Aby pozytywnie odpowiedzieć na zadania płacowe trzeba również poprawić podatek dochodowy
Oficjalnie potwierdzono, że roczny budżetowy „koszt” najważniejszych czterech działań „piątki Kaczyńskiego” (500 zł na każdego dziecko, trzynasta emerytura i renta, likwidacja opodatkowania wynagrodzeń i umów zlecenie osób do 26 roku życia, obniżenie stawki podstawowej PIT do 17% oraz podwojenie ryczałtowych kosztów uzyskania przychodów ze stosunku pracy) ma wynieść 42 mld zł. Jeżeli te rozwiązania będą wprowadzone od połowy roku, czyli w przypadku przepisów podatkowych obniżenie opodatkowania nastąpi faktycznie za pięć miesięcy tego roku, bo rozliczenie za ostatni miesiąc będzie już w 2020 r., to ich skutek fiskalny netto w 2019 r. wyniesie między 17-18 mld zł, czyli zgodnie z prognozą ISP opublikowaną przed tygodniem. „Skutek zwrotny” tych działań dla budżetu może być jeszcze trochę większy, gdy dowiemy się o kilku szczegółach, zwłaszcza takich jak: czy nastąpi opodatkowanie (czy też zwolnienie) z PIT owej trzynastej emerytury i renty (nie ma powodu aby ją zwolnić), czy obniżka z 18% do 17% będzie na wszystkich źródłach przychodów, co oczywiście nie ma sensu, zwłaszcza gdy idzie o źródła, dla których dzisiejsze 18% jest jedną z najniższych stawek w Unii Europejskiej oraz czy dla osób do 26 roku życia zwolnienie z PIT dochodów z pracy i umów zlecenia powinno być zalimitowane kwotą przychodów (powinno), czy nie? Są jeszcze inne pytania, na które (chyba niedługo) uzyskamy odpowiedzi.

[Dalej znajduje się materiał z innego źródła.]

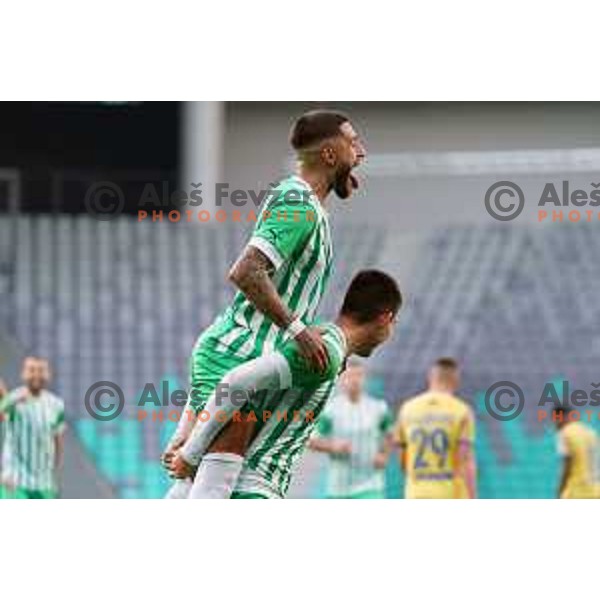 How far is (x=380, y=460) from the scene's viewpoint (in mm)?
12672

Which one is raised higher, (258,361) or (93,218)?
(93,218)

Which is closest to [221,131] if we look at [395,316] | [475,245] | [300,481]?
[475,245]

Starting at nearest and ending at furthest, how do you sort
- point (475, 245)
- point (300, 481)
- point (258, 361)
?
point (258, 361), point (300, 481), point (475, 245)

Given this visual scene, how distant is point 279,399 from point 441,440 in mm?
6910

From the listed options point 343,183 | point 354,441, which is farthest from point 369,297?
point 354,441

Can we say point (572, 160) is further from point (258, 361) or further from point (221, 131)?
point (258, 361)

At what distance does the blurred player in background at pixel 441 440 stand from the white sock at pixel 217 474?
677 centimetres

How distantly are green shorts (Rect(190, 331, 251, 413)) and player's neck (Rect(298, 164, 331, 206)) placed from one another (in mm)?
528

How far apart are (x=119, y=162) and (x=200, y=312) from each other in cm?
358

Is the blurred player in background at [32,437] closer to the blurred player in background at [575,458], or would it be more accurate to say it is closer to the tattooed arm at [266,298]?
the blurred player in background at [575,458]

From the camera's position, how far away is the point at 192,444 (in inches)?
213

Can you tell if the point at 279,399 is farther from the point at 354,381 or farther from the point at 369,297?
the point at 354,381

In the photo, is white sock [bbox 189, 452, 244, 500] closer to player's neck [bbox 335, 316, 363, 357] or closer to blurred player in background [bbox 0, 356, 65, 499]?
player's neck [bbox 335, 316, 363, 357]

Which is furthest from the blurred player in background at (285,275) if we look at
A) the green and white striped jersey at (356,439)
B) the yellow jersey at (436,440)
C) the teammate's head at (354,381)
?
the teammate's head at (354,381) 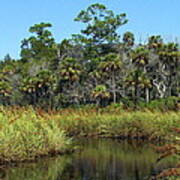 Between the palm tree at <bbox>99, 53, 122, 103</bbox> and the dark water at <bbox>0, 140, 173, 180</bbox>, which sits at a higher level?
the palm tree at <bbox>99, 53, 122, 103</bbox>

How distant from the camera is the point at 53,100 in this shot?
224 ft

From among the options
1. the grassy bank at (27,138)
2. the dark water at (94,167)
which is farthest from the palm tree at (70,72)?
the grassy bank at (27,138)

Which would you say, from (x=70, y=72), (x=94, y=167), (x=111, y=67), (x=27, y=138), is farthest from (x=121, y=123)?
(x=70, y=72)

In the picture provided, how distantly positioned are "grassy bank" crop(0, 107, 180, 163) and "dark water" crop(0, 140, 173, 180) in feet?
1.87

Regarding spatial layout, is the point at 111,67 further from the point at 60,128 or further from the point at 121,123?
the point at 60,128

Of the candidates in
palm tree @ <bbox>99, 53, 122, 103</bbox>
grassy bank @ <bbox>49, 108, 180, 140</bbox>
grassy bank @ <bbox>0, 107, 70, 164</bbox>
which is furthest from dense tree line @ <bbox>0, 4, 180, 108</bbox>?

Rodzi się jednak fundamentalne pytanie: czy polityka fiskalna naszego państwa powinna zwiększyć wydatki budżetowe na rzecz osób fizycznych o niskich dochodach, a środki na ten cel będą pozyskiwane poprzez zwiększenie efektywności fiskalnej podatków, czyli z kieszeni tych, którzy unikają (legalnie lub nielegalnie) opodatkowania. Mimo że opozycja, a zwłaszcza tzw. liberałowie, będą odsadzać od czci i wiary tę politykę, posługując się jakże oryginalnym porównaniem do… zbójnika Janosika, który zabierał bogatym i rozdawał biednym, jesteśmy w sposób nieuchronny skazani na te kierunki działań i obejmie ono jeszcze wiele grup społecznych. Za chwilę trzeba będzie znaleźć środki publiczne na wzrost wynagrodzeń nauczycieli oraz – w perspektywie – urzędników publicznych i innych grup zawodowych sfery budżetowej. Powód jest prosty: realizowana przez prawie trzydzieści lat polityka niskich płac, która doprowadziła do masowej emigracji tych, którzy się na to nie godzili (o to chodziło?), nie może być dalej kontynuowana. Obywatele mają dość oczekiwania na tzw. lepsze czasy (kiedyś miały przecież zaowocować „radykalna transformacja”), chcą żyć godnie i dostatnio w Polsce, która ma przestać (wreszcie) kojarzyć się z biedą i „bolesnymi reformami” liberalnej gospodarki, czyli bezrobociem i beznadzieją oraz przywilejami dla „zagranicznych inwestorów” i wszelkiej maści krętaczy.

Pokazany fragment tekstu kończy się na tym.